A Church is Born: Church of South India Inauguration

First Protestant Missionaries > Messengers

His first church at Tranquebar was soon followed by this second structure. Ziegenbalg's work aroused tremendous enthusiasm in Denmark, in Germany and in England where the Society for the Promotion of Christian Knowledge undertook financial aid for the mission.

Among his successors was Christian Schwartz, one of the great missionaries of all time, who arrived at Tranquebar in 1750.

His memorial, erected at Tanjore by an Indian ruler, evidences the love in which the Indians held him. With the spread of English influence in India, the Anglican Church accepted his labors as its own. His life became the inspiration for Wesley, for Carey and for other pioneer missionaries of the nineteenth century

Under his influence there came to Madras, in 1817, James Lynch, the Wesleyan, to begin a work famous for its lay evangelism

Which in succeeding years was to penetrate even into the smallest villages of Mysore.

James Wilson from the United free Church of Scotland, representing the Presbyterians of Scotland and England, followed in 1829.

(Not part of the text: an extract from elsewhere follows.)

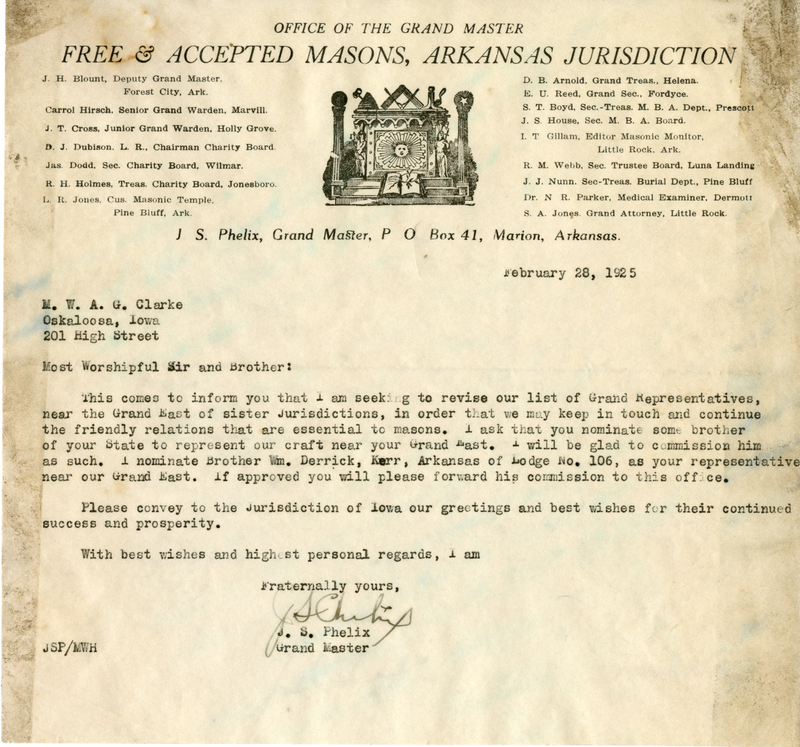 Phelix was grand Master of Free & Accepted Masons, Arkansas Affiliation.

Dr. John Scudder, whose widow and sons are shown in this old photograph, was America's first medical missionary. He sailed under Congregational auspices for India, but, being banned by his non-British birth, he landed in Ceylo in 1819 where he served until this ban was lifted in 1836. Later when his own Reformed Church established its missionary society, he transferred to it. Generations of Scudders, loved and revered by Christian Indians and non-Christian Indians alike, have carried on the Scudder tradition in India to this day.

This cemetery at Madura is mute evidence of the price paid to establish Christianity in South India. The missionary's life among the Marathi averaged five years three months. Often reinforcements could not arrive fast enough to fill the places of those who fell. For the first twenty years the number of missionaries who lost their lives exceeded the number of new members won. From the labors of such as these there developed in South Indian interpretation of Christianity which, no matter what its occidental source, had a common and distinctive Indian character of its own.